Germany Votes to Pardon Gays Prosecuted by Nazis
Reuters, May 17, 2002
http://www.nytimes.com/reuters/world/international-germany-nazi-gays.html
BERLIN—Germany’s parliament passed legislation
Friday allowing around 50,000 gay men prosecuted by the Nazis because of their
sexuality to be pardoned, even posthumously.
The legislation also amended a 1998 law to make it easier for convictions
against deserters from the German army between 1933 and 1945 to be quashed.
Anti-gay measures passed in 1935 formed part of a Nazi philosophy that
deemed homosexuals alien to the state’s aim to create a
"super-race."
"The new state ... must firmly counter all unnatural sexual
urges," the preamble to the 1935 law said, singling out gay men.
If found guilty, victims faced up to 10 years in prison or concentration
camps, where thousands died.

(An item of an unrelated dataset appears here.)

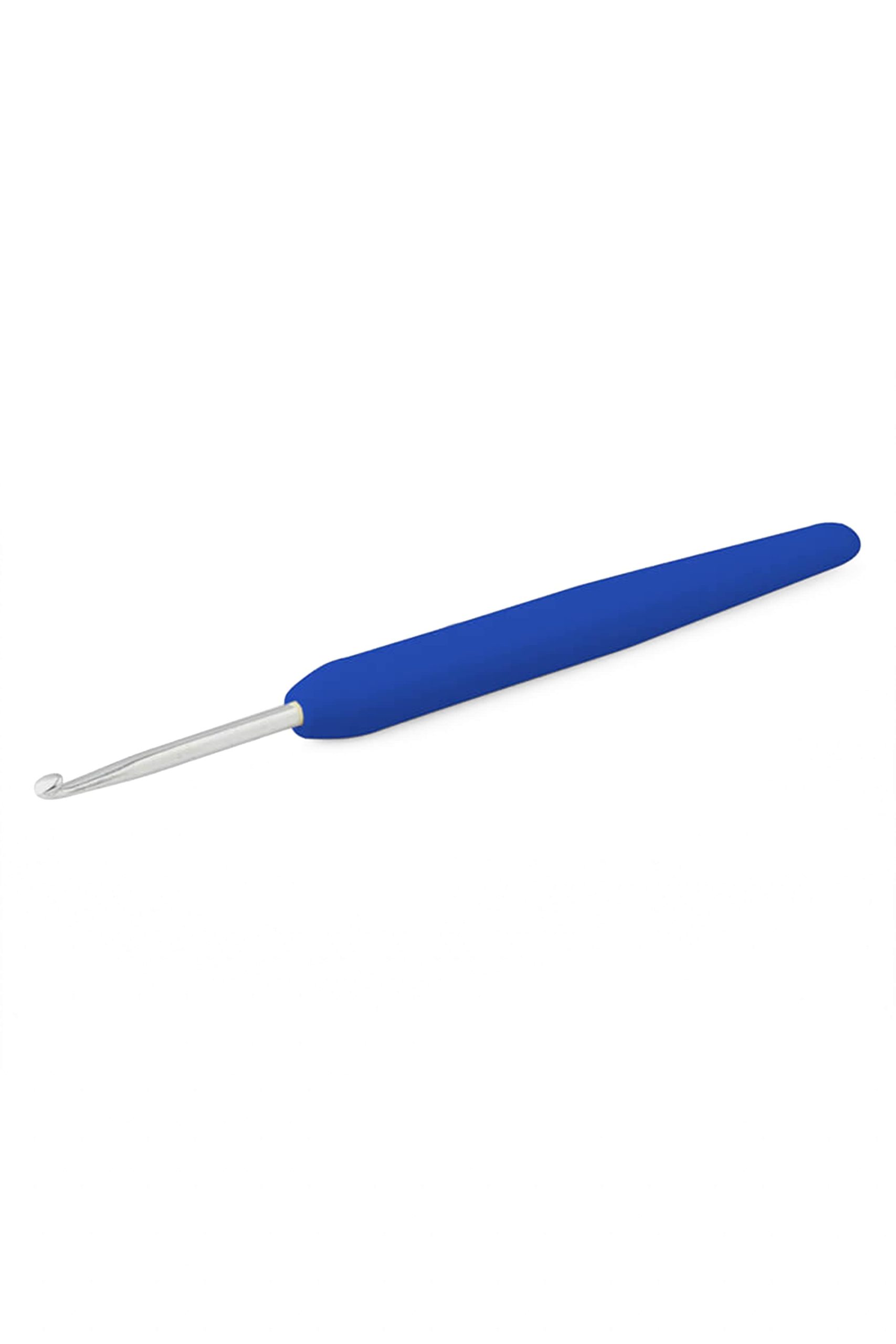 Waves Single Ended Aluminum Crochet Hooks - Color Coded - Image 10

Other gay men were forcibly sterilized or
subjected to medical experiments.
The legislation remained unchanged on Germany’s statute books until 1969.
Friday’s legislation amended a 1998 bill aimed at tackling legal
injustices handed down during Adolf Hitler’s regime which had been
criticized for only allowing judicial reviews on a case-by-case basis and
leaving out some victims, including homosexuals.
Campaigners welcomed the vote.
"Finally victims will be rehabilitated—even if many are already
dead, this will make things easier for their relations and descendants,"
Farid Mueller, a Hamburg campaigner said in a statement.